EXERCISE REQUIREMENTS:
Make an exact copy, from the records below, of the lines from the line containing "Καρό Ανδρικό Πουκάμισο" to the line containing "Royal Panther Double", both lines included, excluding pictures.

** INPUT MATERIAL follows **

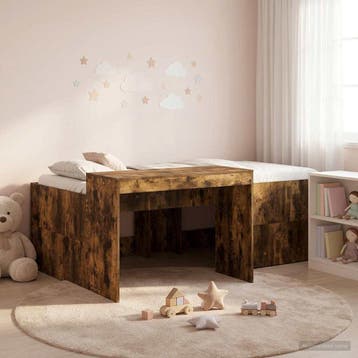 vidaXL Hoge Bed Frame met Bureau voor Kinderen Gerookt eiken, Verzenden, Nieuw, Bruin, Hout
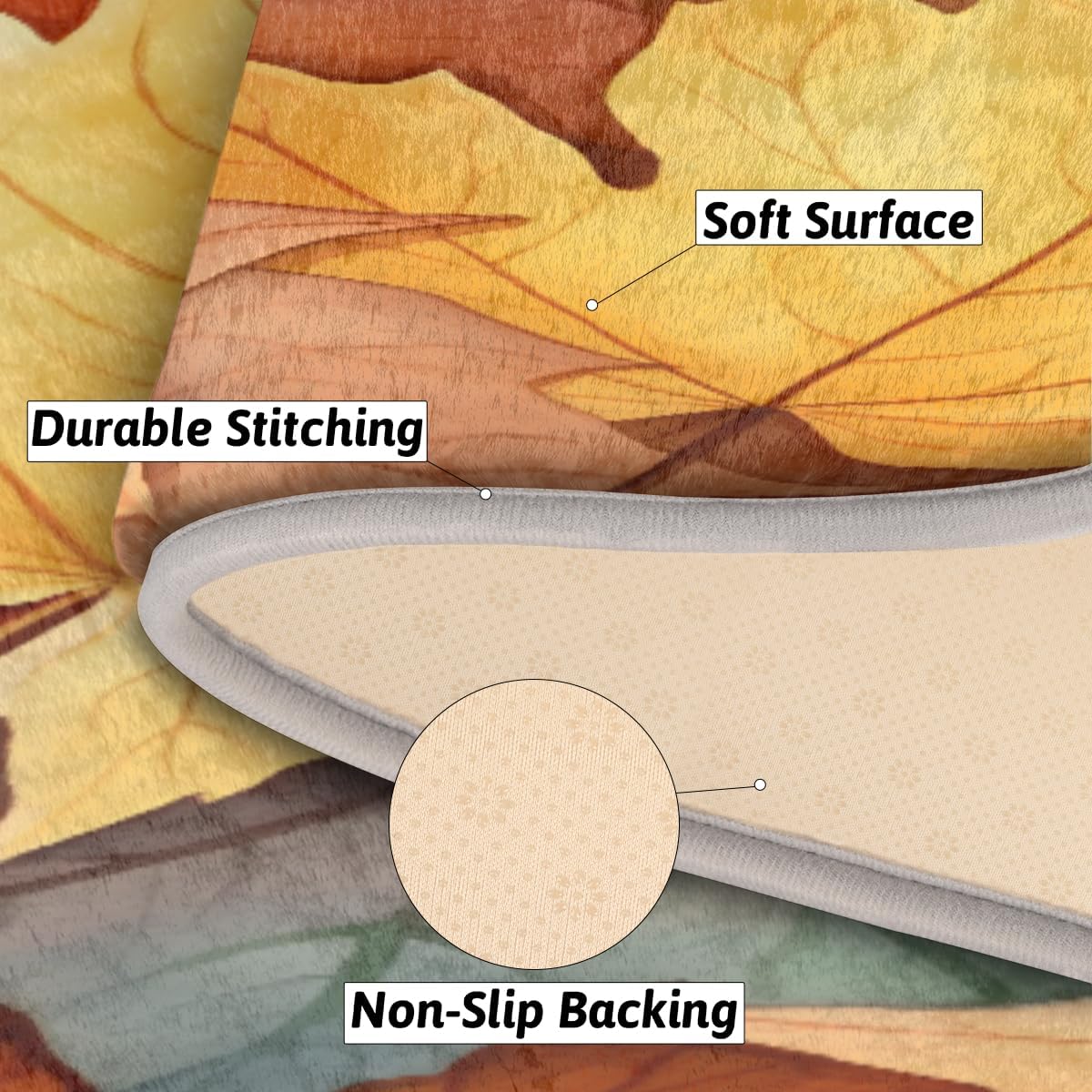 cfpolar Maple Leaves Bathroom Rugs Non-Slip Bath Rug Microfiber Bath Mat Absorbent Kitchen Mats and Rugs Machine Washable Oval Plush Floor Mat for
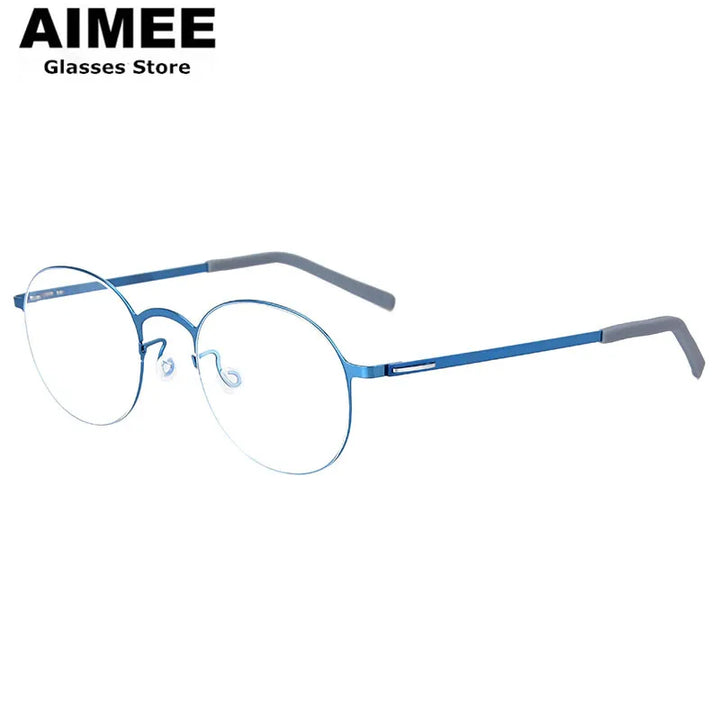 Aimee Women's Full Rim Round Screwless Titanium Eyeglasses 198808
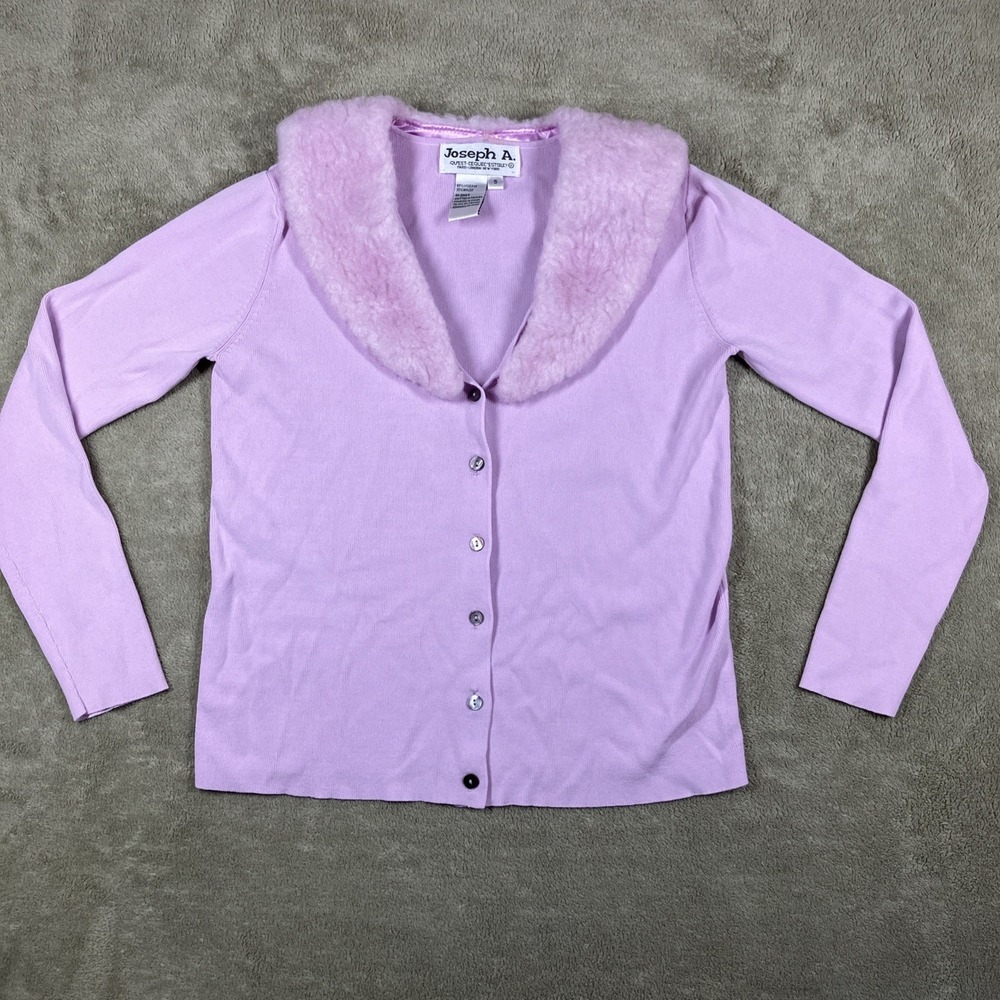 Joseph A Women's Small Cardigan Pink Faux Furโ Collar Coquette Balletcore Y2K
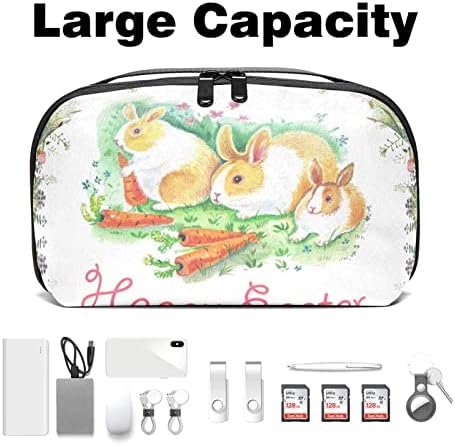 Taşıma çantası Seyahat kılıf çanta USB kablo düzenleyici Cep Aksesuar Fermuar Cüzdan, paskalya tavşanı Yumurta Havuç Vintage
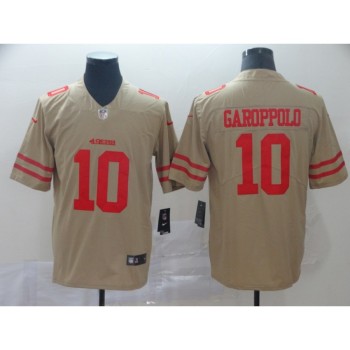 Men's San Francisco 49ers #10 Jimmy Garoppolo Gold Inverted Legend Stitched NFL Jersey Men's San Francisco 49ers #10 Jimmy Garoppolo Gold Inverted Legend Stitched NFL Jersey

** End of INPUT MATERIAL **
** INPUT MATERIAL follows **

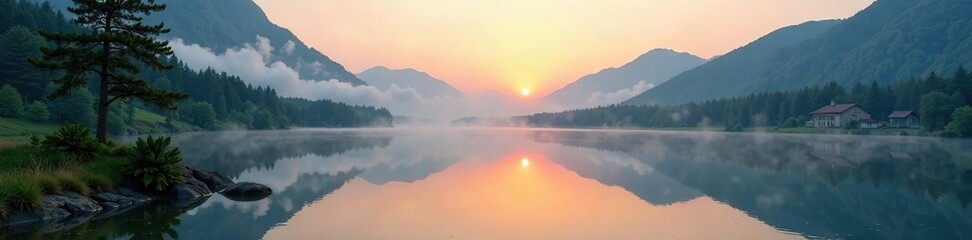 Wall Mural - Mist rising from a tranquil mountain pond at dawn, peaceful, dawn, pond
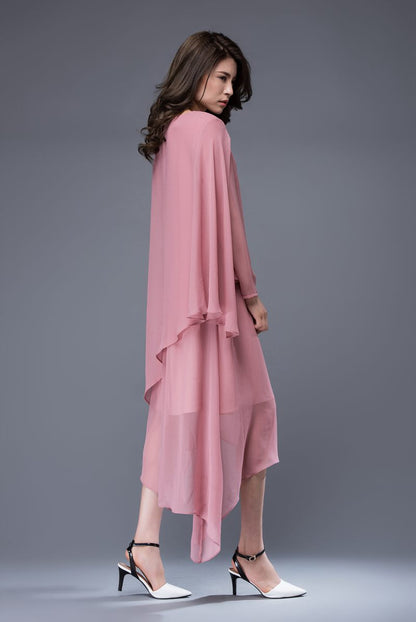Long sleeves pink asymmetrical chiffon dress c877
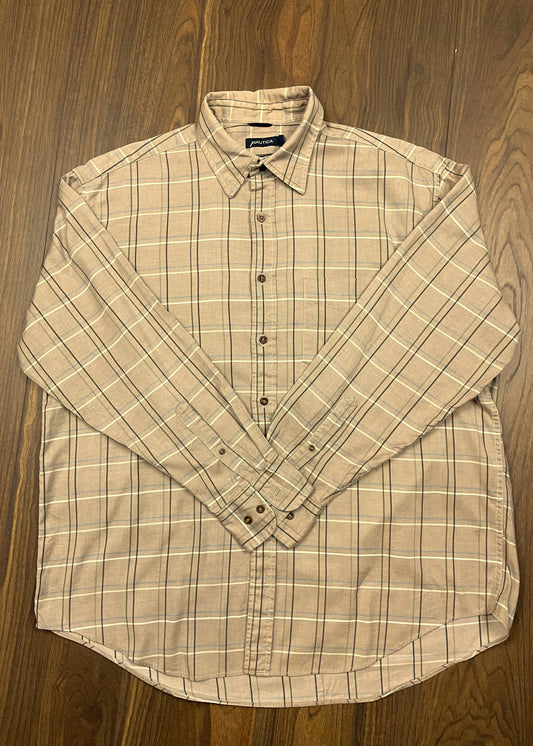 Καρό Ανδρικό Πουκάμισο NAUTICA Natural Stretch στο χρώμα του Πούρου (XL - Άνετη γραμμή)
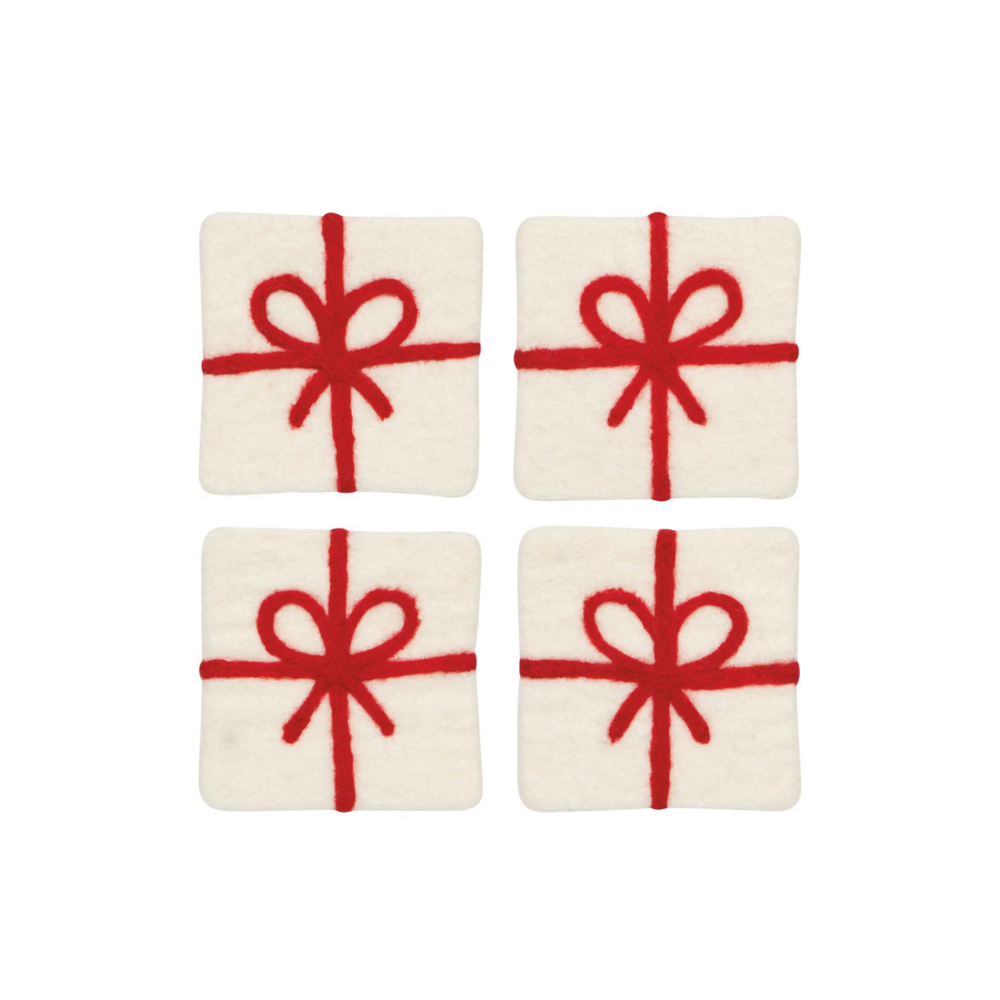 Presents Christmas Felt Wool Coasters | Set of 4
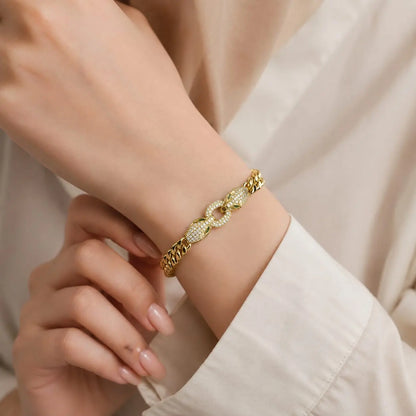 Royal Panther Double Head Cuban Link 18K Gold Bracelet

** End of INPUT MATERIAL **

TASK RESPONSE:
 Καρό Ανδρικό Πουκάμισο NAUTICA Natural Stretch στο χρώμα του Πούρου (XL - Άνετη γραμμή)
 Presents Christmas Felt Wool Coasters | Set of 4
 Royal Panther Double Head Cuban Link 18K Gold Bracelet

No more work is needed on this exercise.